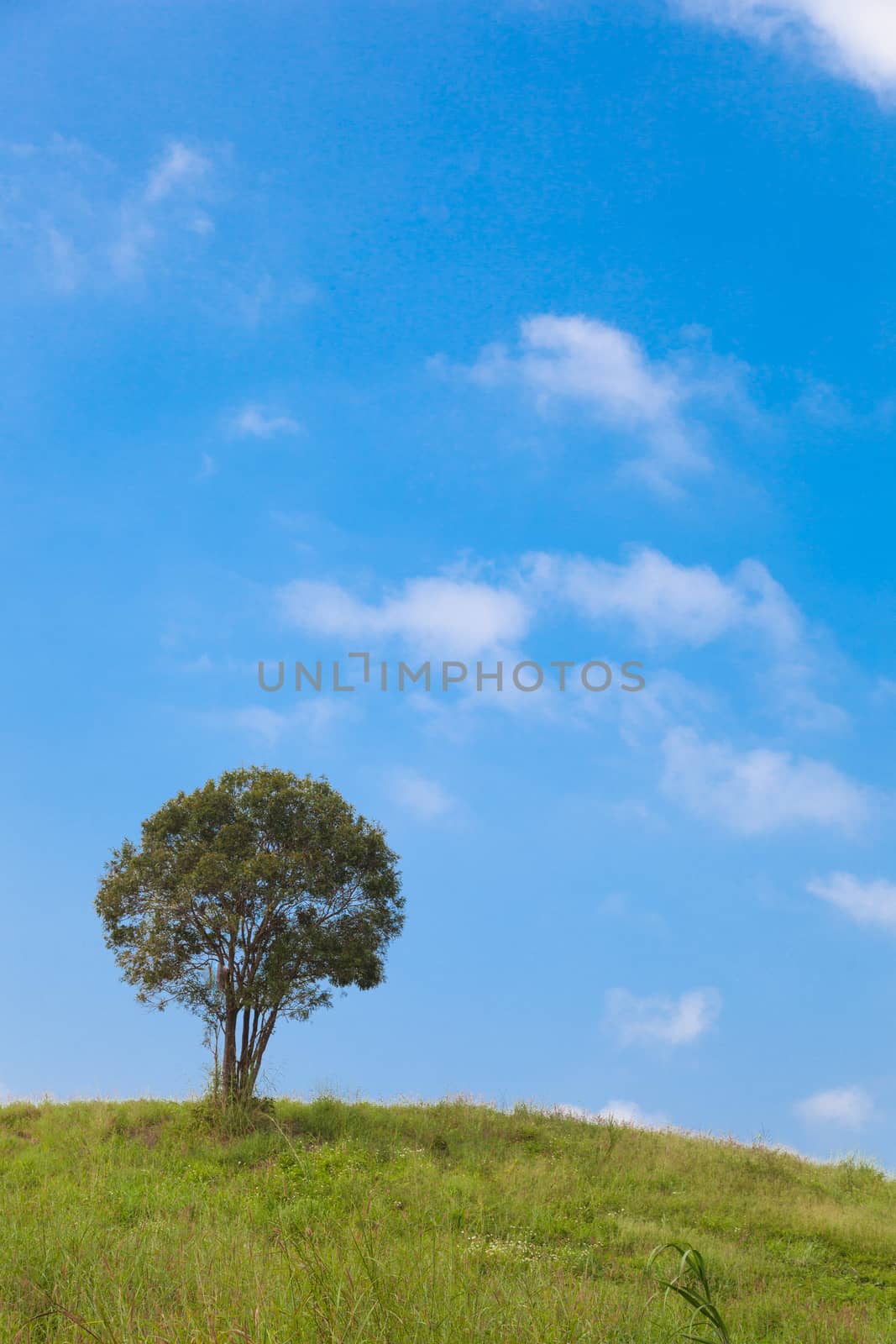 Big tree on a hillside. A large tree in the middle of pastures. Mostly clear skies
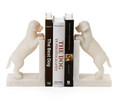Playful Puppy Dog Set of 2 Book Ends | TC55320)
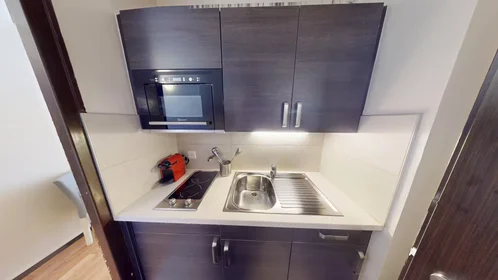 Entire apartment at Boulevard de la Cluse, Plainpalais, image 6 of 10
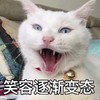 萌宠 喵星人 笑容逐渐变态 邪恶 哈哈哈 逗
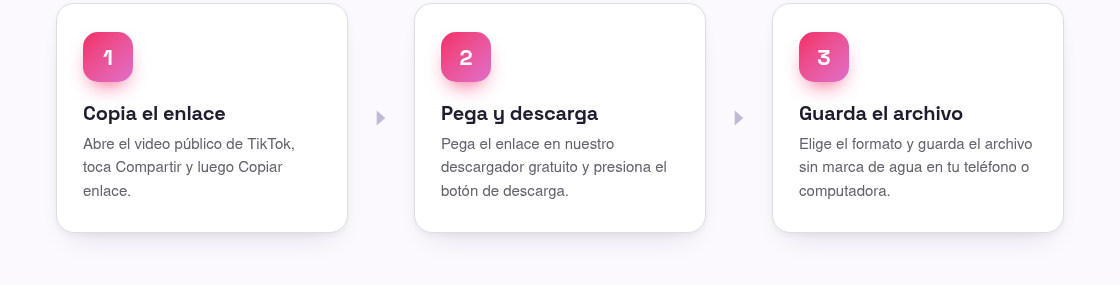 ¿Se pueden descargar videos privados de TikTok?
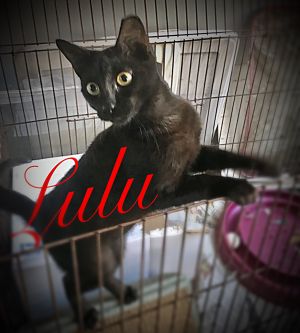 . Lulu .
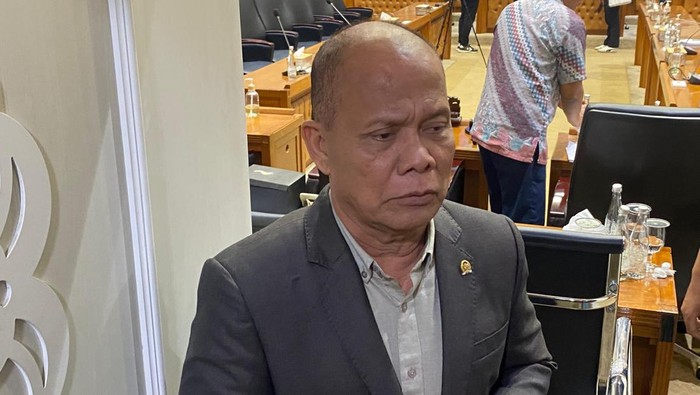 Wakil Ketua Baleg DPR RI Sturman Panjaitan. (Foto: Detik)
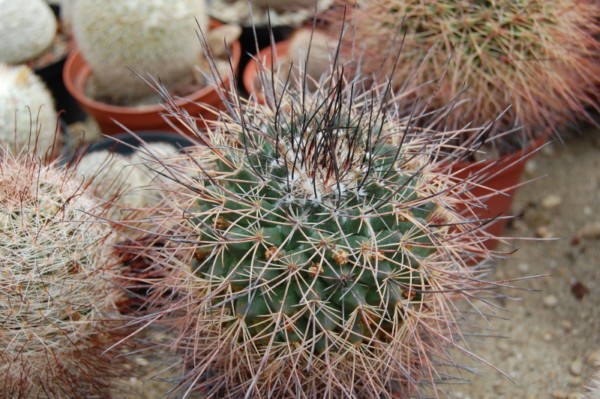 Mammillaria tesopacensis v, papasquiarensis 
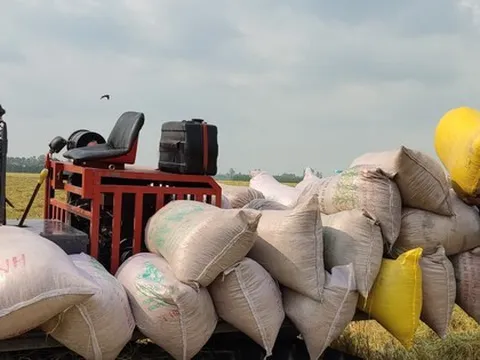 Giá gạo Việt Nam vượt xa Thái Lan tới 92 USD/tấn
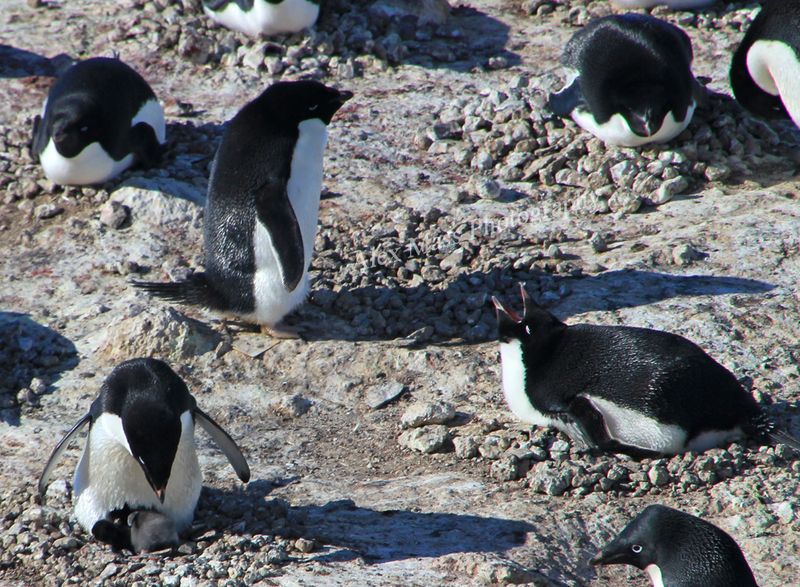 Adelie Penguin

........

# [Exercise]
Starting at the line that contains "Wakil Ketua Baleg", retype every line through the end of the material exactly as written, including both end lines but no pictures.

# [Your response]
 Wakil Ketua Baleg DPR RI Sturman Panjaitan. (Foto: Detik)
 Mammillaria tesopacensis v, papasquiarensis 
 Giá gạo Việt Nam vượt xa Thái Lan tới 92 USD/tấn
 Adelie Penguin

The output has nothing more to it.